Selon l’ancien directeur de cabinet, « Monsieur le maire a pris la décision d’y aller » et, sur l’aspect financier, « il [lui] a dit [qu’il s’] en occup[ait] ». L’opération se serait déroulée début janvier 2015, lorsque Gilles Artigues aurait été piégé dans une chambre d’hôtel parisien avec un escort-boy. Dans le même temps, deux associations auraient reçu chacune 20 000 euros de subventions attribuées sur la réserve du maire, fonds ensuite reversés à Gilles Rossary-Lenglet, d’après le témoignage.
Enquête, révélations et revers personnels
Le scandale a éclaté en août 2022, lorsque Gilles Rossary-Lenglet a révélé l’affaire à Mediapart. Initialement loyal à son ancien employeur, Pierre Gauttieri dit alors avoir d’abord couvert Gaël Perdriau et accepté d’être congédié sans faire d’histoires. « Je dois assumer le rôle de fusible », a-t-il déclaré en expliquant avoir obtenu en retour une indemnité de départ et le maintien de ses allocations chômage, faute de licenciement pour faute grave.
Les investigations ont fait émerger des enregistrements et d’autres éléments qui, selon l’instruction, attestent de l’implication directe de Gauttieri. Dans un échange enregistré en 2018 par Gilles Artigues, Gauttieri lui lance : « J’ai une vidéo de vous le cul en l’air » et menace d’envoyer une copie aux « parents des élèves qui sont dans la même classe » que ses enfants.

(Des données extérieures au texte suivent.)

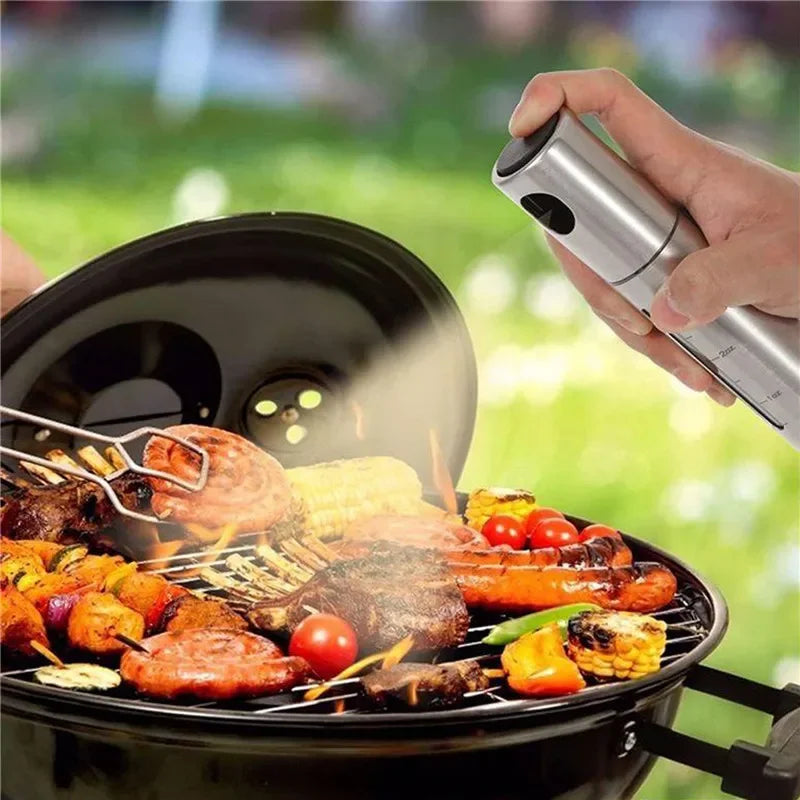 BBQ Baking Olive Oil Spray Bottle 304 Stainless Steel Oil Spray Bottle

L’enquête évoque également un projet distinct visant l’ancien maire Michel Thiollière, soupçonné par Perdriau, qui aurait dû le compromettre en le filmant avec une prostituée mineure. Ce plan, selon les éléments présentés lors de l’instruction, ne se serait pas concrétisé.
Placé quelques jours en détention en 2023, Pierre Gauttieri affirme que cette période l’a fait évoluer. En décembre 2023, il a changé de position devant la justice et a reconnu l’inexcusable de ses actes. « J’ai honte », a-t-il dit, tout en ajoutant qu’il « entend rester debout et essayer de retrouver un petit peu de dignité ».
Interrogé sur la défense du maire, qui l’accuse d’avoir menti et d’avoir agi sans en informer Perdriau, Gauttieri se déclare « attristé ». « Ça me fait mal parce que je me suis battu des années à ses côtés en confiance », a-t-il ajouté, la voix tremblante, concluant par l’image : « même la machine de guerre a ses points faibles ».